Milky Oat Tops are for people who are overworked and depleted- people who have run themselves dry. This is for those of you who are burnt out and need long term support to build up your reserves. Oat tops help restore the nervous system. 

Though the touch of Milky Oats is light and gentle, the medicine is potent. For me, drinking a tea of Milky Oats feels so supportive. I add them to pretty much every tea I make because they are such a lovely addition. They’re sweet and synergize with many other herbs.

Milky Oats are best for long term use in order to feel the effects. It’s a plant you have to get to know and sit with for a while. And time spent with this plant is never wasted because the benefits are unmatched.

How to Make: 1 tbsp of dried milky oat tops in 12oz of water, steep 20 minutes to overnight.

Where You Can Find It: Foster Farm Botanicals has good quality dried milky oat tops. If you’re looking for a tincture or the dried herb elsewhere, make sure it was harvested in the milky stage. Also for a tincture, the herb should be bottled fresh.

5. Kava (Piper methysticum)

Kava is a relaxing nervine originating in the Pacific Islands. It is best at relaxing tension- whether that be physical or emotional. Kava helps improve focus, concentration, soothes anxiety, and can help with insomnia. It’s also indicated for racing thoughts.

The first time I tried Kava, I was having trouble falling asleep because there were too many thoughts on my mind. It was late, but I just wasn’t tired. I laid there in the dark, mind wandering. I took the recommended dosage of a tincture, and it felt like something was lifted off my shoulders. Literally- the tension I was carrying in my shoulders was relieved. The overbearing chatter had disappeared, and suddenly, I was sleepy! Though Kava is not a sedative, it may make you think it is because it eliminates whatever’s keeping you up.

There are such places called “Kava Bars” scattered across the country, where people go like they would a bar, but instead enjoy a cup of Kava (no alcohol involved). I have not been to one, but I’ve heard good things. Kava has a special quality about it that helps people in social or group settings connect better.

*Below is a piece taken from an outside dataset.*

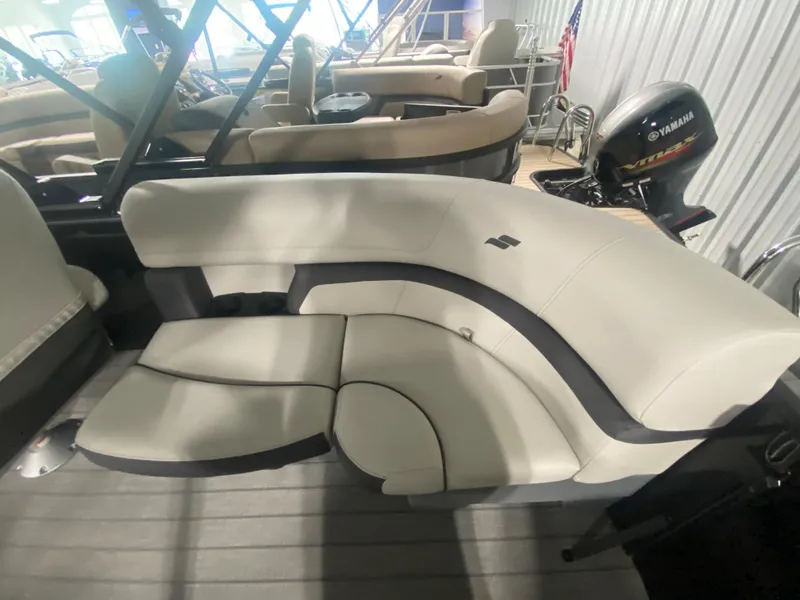 Slide: The Image of 2024 Starcraft EXS 1 boat interior with beige seating and Yamaha outboard motor. - 10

It’s important to note that this herb is not for long term use. It is best used occasionally. The FDA warns that Kava has been linked to rare, but serious liver injury.

How to Make: Kava tastes good on its own, but I like to mix it with Cacao to make Kava Cocoa. Sometimes before bed, I’ll mix it with Blue Lotus and Cacao to ease me into the dream world. 1-2 tsp simmered for 20 minutes should do the trick.

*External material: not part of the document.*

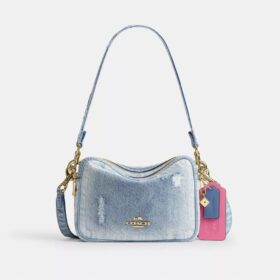 Bolso bandolera Carey en denim desgastado con Charms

Where You Can Find It: I like the Kava tincture from Herb Pharm, but you can also purchase kava in bulk from Starwest Botanicals or your local herb shop.


I think it’s important to discuss that all of these herbs have been around long before you and I walked this Earth. They have been used, experienced, and cared for for centuries- way before they were ‘trendy’ and ‘cool’ to add to your iced coffee.

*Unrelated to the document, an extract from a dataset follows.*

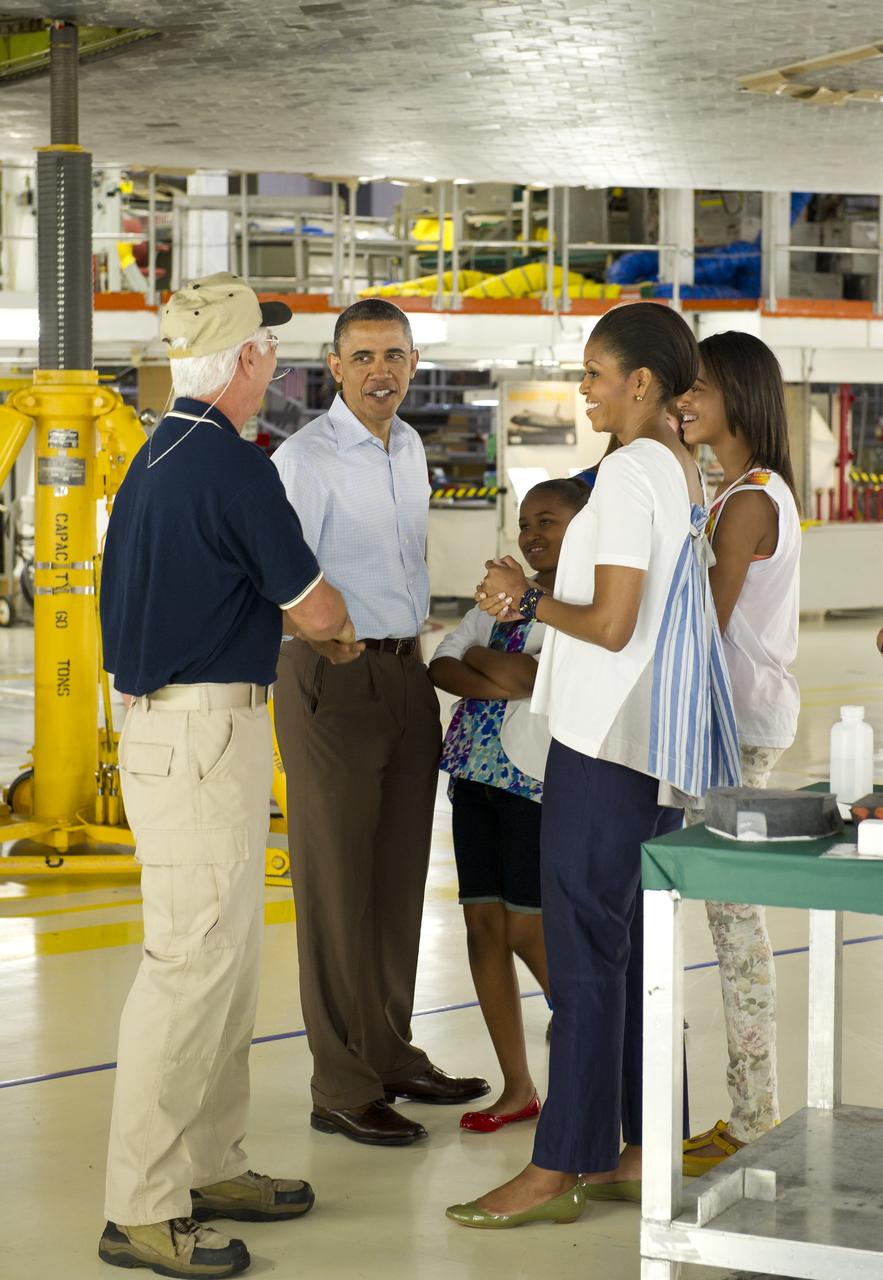 Terry White, United Space Alliance project lead for thermal protection systems, left, sakes hands with President Barack Obama after showing his family, Sasha, First Lady Michelle Obama, Malia, and Marian Robinson, how tiles work on the space shuttle during their visit to the Orbital Processing Facility at the NASA Kennedy Space Center in Cape Canaveral, Fla., Friday, April 29, 2011. Photo Credit: (NASA/Bill Ingalls)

All these fancy/pretty/popular brands are actually quite expensive, but what is the true quality of their products? Where are they coming from?

Most of the time, herbs aren’t something you hear about unless it’s a fad- unless someone is promising you an overnight cure. Most of the time, these products, and the conversation itself, are out of reach to the general public and people who most need them. Herbs have become something to capitalize off of, instead of as a way to care for the community and build a relationship with the environment.

Let’s think about how trends affect the plants themselves and their communities. Sacred plants like Ayahuasca have been made so available, but at what cost? Trends can destroy the environment and local economies and also be harmful to traditional culture.

Think about who you choose to give your money to. When possible- choose the organic, sustainable, and local option. Ask yourself- is there another, more sustainably harvested and crafted plant, or plant that grows in your area that you can use instead? A plant being sold at your local farmer’s market or one that’s right in your backyard as opposed to that exotic plant everyone’s talking about? There may be something native to your area or even an ‘invasive weed’ that can do more justice to your specific needs. (Not to steer away from the possibility that a popular plant may actually be what you need!)

Herbs are not one-size-fits-all. They are unique. They have personalities, just like you! And you may find one that matches yours that will work twice as good.


To get the most out of the herbs you work with, I suggest having a consultation with an herbalist or visiting your local herb shop (if you have one) to chat with an herbalist. It may be best for you to take certain herbs under professional supervision. If you’re taking any medications or have any medical issues, it’s important to speak with your doctor before taking any herbs. And of course, always do your research.

So Much Love,

LA.

Stress Affects More Than Just Your Mind

Why Chronic Stress Causes Great Harm to Your Health

Stress is something I’m all too familiar with. Me being just 20 years old you’d think, “What could she possibly have to stress over?”. But let me tell you, I can name many things. Whether they’re worth being stressed out over is the question you should be asking. A daily challenge of mine is sorting the things I should be worrying about from what I shouldn’t be worried about. Since stress was how I always knew how to deal with difficult situations and trauma, I learned how to live with it. And in reality, that’s the case for many people my age, as well as those younger and older than I.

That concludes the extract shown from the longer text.